Mais de qui parle la foule? Qui le singe est-il en train d’imiter sous les ordres de son maitre? Et bien, il caricature l’homme qui est justement en train de traverser le pont et qui se dirige vers le petit théâtre de rue pour y faire arrêter cette mascarade! Les points fermés il progresse à travers la foule, et il est bien décidé à en découdre pour sauver son honneur! Autour du singe, les badauds continuent de se tordre de rire, jusqu’à ce qu’apparaisse derrière eux l’homme victime des singeries.
Cet homme, c’est … Cyrano de Bergerac!
Savinien Cyrano de Bergera près du pont Neuf (par Taxistoria)
Savinien Cyrano de Bergerac. Contemporain de Molière, il naquit à Paris en 1619. Il possédait une terre en banlieue Parisienne qui s’appelait « Bergerac », d’où son surnom. Nous connaissons tous le personnage de fiction du même nom. Il fut inspiré de ce « vrai » Cyrano trois siècles plus tard. Savinien Cyrano était un poète et un écrivain au caractère bouillant, aussi doué avec son épée qu’avec son esprit. Il savait ridiculiser ses ennemis grâce à sa plume imagée et satirique. Il en profita un jour pour humilier un de ses pires adversaires, Charles Coypeau Dassoucy, un musicien du roi. Au début très proches, une violente dispute en fit les plus grands ennemis du monde. Cyrano souhaitait même sa mort. Il lui écrivit ceci:
« Hé! Par la mort, monsieur le coquin, je trouve que vous êtes bien impudent de demeurer en vie après m’avoir offensé! Vous qui ne tenez lieu de rien au monde, vous qui n’êtes plus qu’un clou aux fesses de la Nature; vous qui tomberez si bas, si je cesse de vous soutenir, qu’une puce, en léchant la terre, ne vous distinguera du pavé! »
Et en parlant de « clou », il l’enfonça le jour où il compara Dassoucy à un singe:
« Ô plaisant petit singe!

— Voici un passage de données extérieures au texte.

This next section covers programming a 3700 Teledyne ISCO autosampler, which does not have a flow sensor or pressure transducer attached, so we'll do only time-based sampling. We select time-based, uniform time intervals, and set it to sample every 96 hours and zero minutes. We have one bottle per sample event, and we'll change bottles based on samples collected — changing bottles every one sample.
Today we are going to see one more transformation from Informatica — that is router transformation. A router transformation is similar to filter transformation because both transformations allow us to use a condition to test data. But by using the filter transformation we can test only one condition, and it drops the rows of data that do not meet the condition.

Ô marionnette incarnée! Demandez ce que vous êtes à tout le monde, et vous verrez si tout le monde ne dit pas que vous n’avez rien d’homme que la ressemblance d’un magot? Ce n’est pas pourtant, quoique je vous compare à ce petit homme à quatre pattes, que je pense que vous raisonniez aussi bien qu’un singe.«
Là, c’est trop! Dassoucy veut sa vengeance. Il va trouver notre marionnettiste italien du Pont Neuf et le mandate pour mettre sur pied un numéro avec son singe. Il devra apprendre au primate à gesticuler comme Cyrano pour en faire la risée de Paris. Le bateleur trouve l’idée superbe et se met à préparer son singe Fagotin. Il lui apprend alors la démarche, bien connue en ville, de Cyrano, ses gestes, ses airs de tête, et l’habille pour la ressemblance.

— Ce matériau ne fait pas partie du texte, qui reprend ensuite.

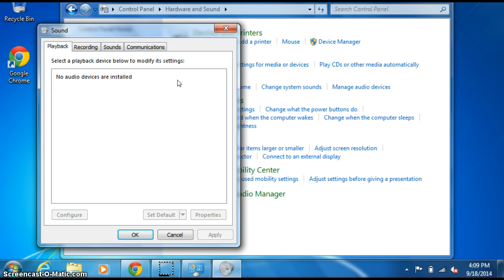What has happened more than likely is that whatever speakers you had, whatever audio device you had, probably just got disabled. So it looks like you have nothing here at all.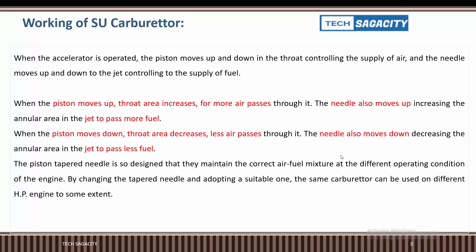By changing the tapered needle and adopting a suitable one, the same carburetor can be used on different horsepower engines to some extent. The taperness of the needle affects the fuel mixture.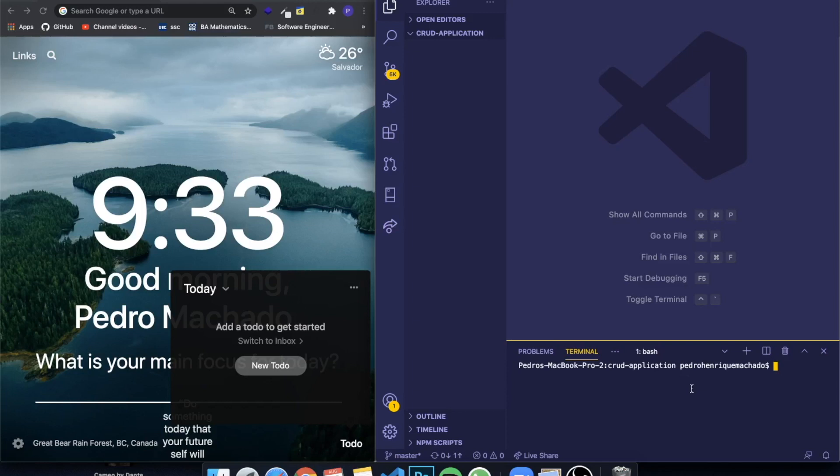Hey guys, how's it going? I'm back here with another video and in this video I'm going to be teaching you guys how to make a CRUD application with React and a Node backend.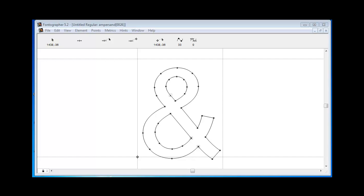Ligatures are two characters that have been combined into one. Some standard ligatures that you're used to seeing are like FI, FL, FF, FFI, FFL, and AE.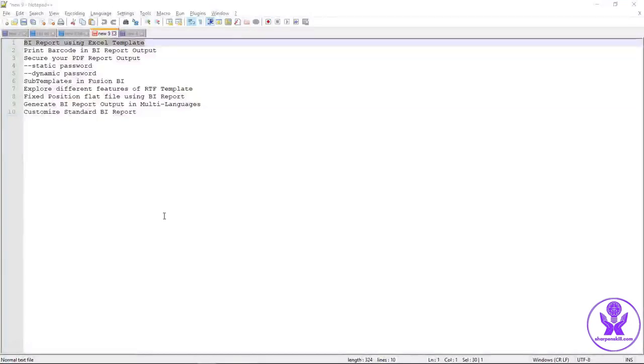Hello everyone, I am going to show you the Excel template in BI Publisher report. Let's log in into Oracle Fusion Cloud.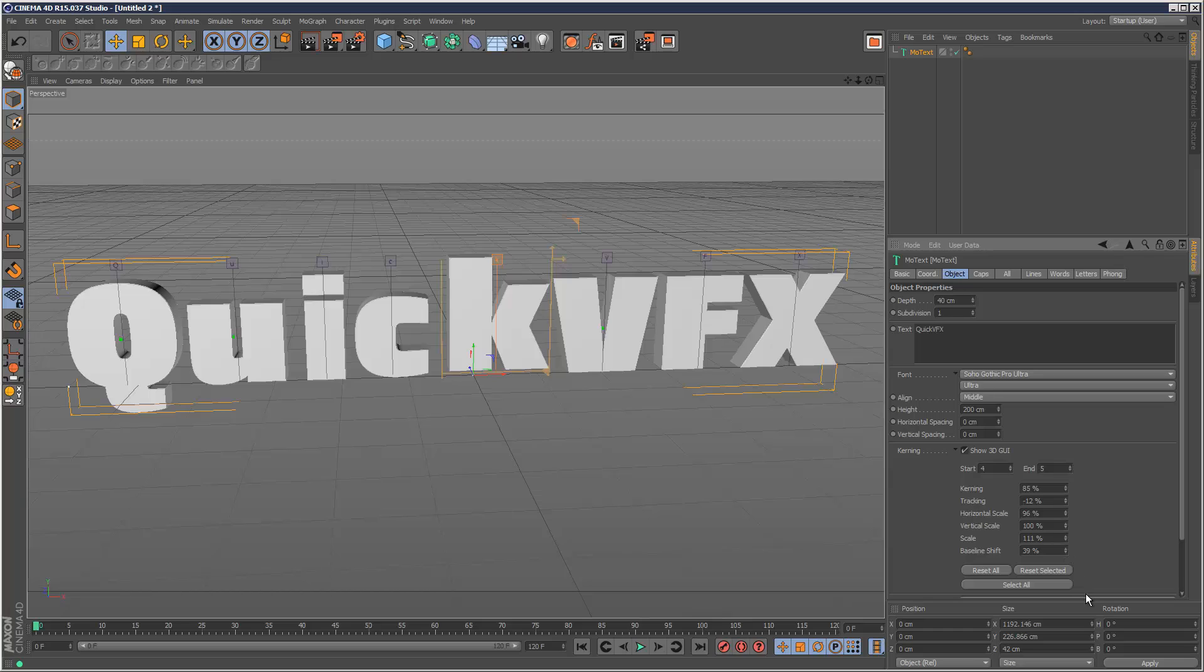So this is a very powerful addition to the toolset of Cinema 4D. And I personally find it really useful. And I hope you enjoyed this tutorial. Thanks for watching.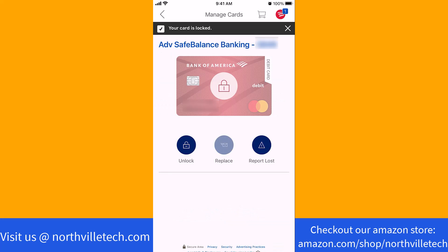That's how you lock your debit card on the Bank of America app. Thank you so much guys for watching, and if you have not yet subscribed to our YouTube channel, please subscribe as we create tech videos related to financial apps almost every day. Also, check out our website NorthvilleTech.com for great tech articles and our recommended resources in the description below for various sign-up bonuses.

Le petit spectacle a le succès escompté! Les promeneurs reconnaissent tout de suite Cyrano à travers les postures du singe et éclatent de rire! Cette petite représentation burlesque dure plusieurs jours, et Dassoucy est fier de sa revanche. Cyrano est ridiculisé à son tour. Puis… il l’apprend…
Voilà pourquoi on le retrouve cet après-midi là, sur le Pont Neuf, venant régler ses comptes avec le marionnettiste. Lorsqu’il surgit devant le petit théâtre, le singe continue sa représentation et la foule, voyant sous leurs yeux la caricature et l’original réunis, explose de rire. Des laquais sont présent, et l’un deux s’approche de Cyrano le provoquant:
– Est-ce là votre nez de tous les jours? Quel diable de nez! Prenez la peine de reculer, il m’empêche de voir!

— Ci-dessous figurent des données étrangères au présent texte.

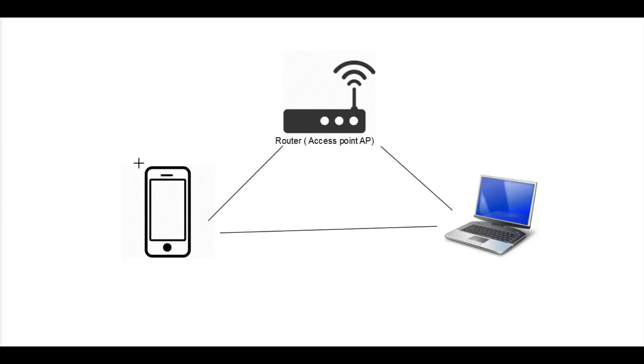Always remember that your mobile phone can serve as an access point as well, which in turn can connect with other Wi-Fi enabled devices that forms another local area network.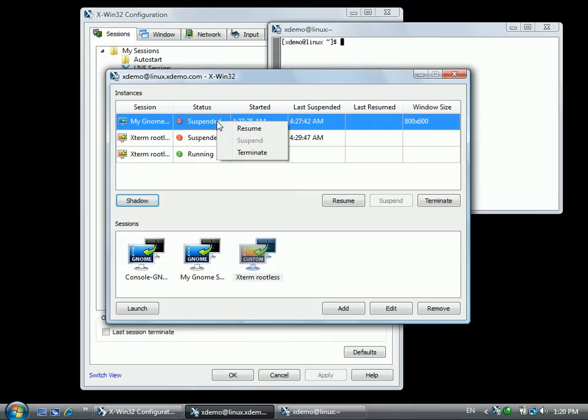Resuming connects to the instance, suspending disconnects, and terminating will end your instance. Please watch the effects of each action.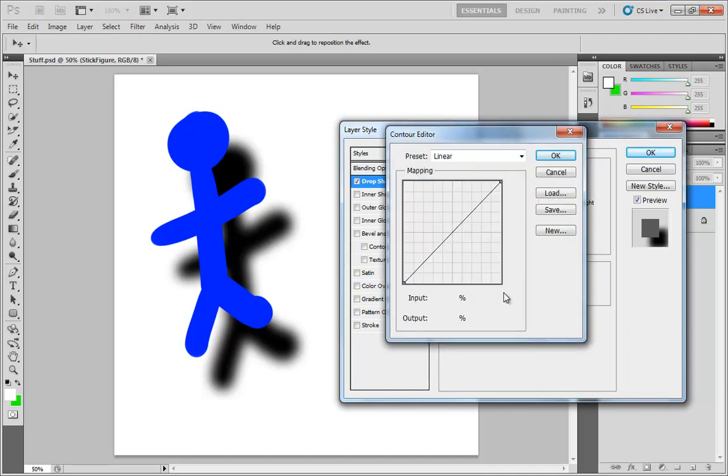Now, what this does is it allows you to map out the change from transparency to opacity from left to right. So on the left-hand side of our graph, we have transparency. On the right side of the graph, we have opacity. And this is the relationship taking place from one side of that spectrum to the other.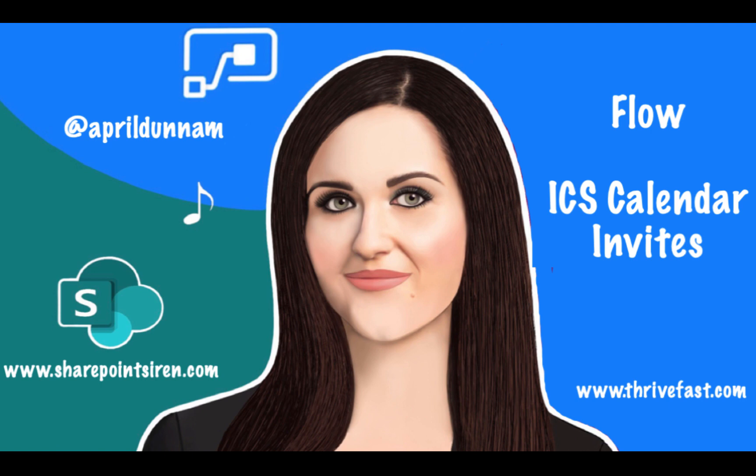What's up everyone, April Dunham here. This video is all about Microsoft Flow, specifically how you can create ICS calendar invites with Flow and send those out. And you might be wondering why you wouldn't just use the create event action through the Microsoft Outlook connector. Well, there's some scenarios where that might not be ideal.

Cyrano, fier de son nez, tire son épée et la tend devant celui du laquais. Une vingtaine d’autre sortent de la foule et se rassemble pour affronter Cyrano, mais a la première botte de sa part, tous s’enfuient (2)! Il y a pourtant une lame qui continue de fendre l’air derrière lui! Cyrano se retourne avec dextérité et enfonce son épée dans… le singe! Fagotin tombe au sol. Son maitre se jette sur lui, pleure, le prend dans ses bras, et l’emporte. Il portera plainte contre Cyrano, mais Cyrano se défendant de sa plume éloquente, Brioché perdra le procès.
Quant à Dassoucy, craignant pour sa vie, il s’enfuit bien vite de Paris. Mais en 1655 Cyrano meurt, à 36 ans, après avoir reçu sur la tête la poutre d’une toiture.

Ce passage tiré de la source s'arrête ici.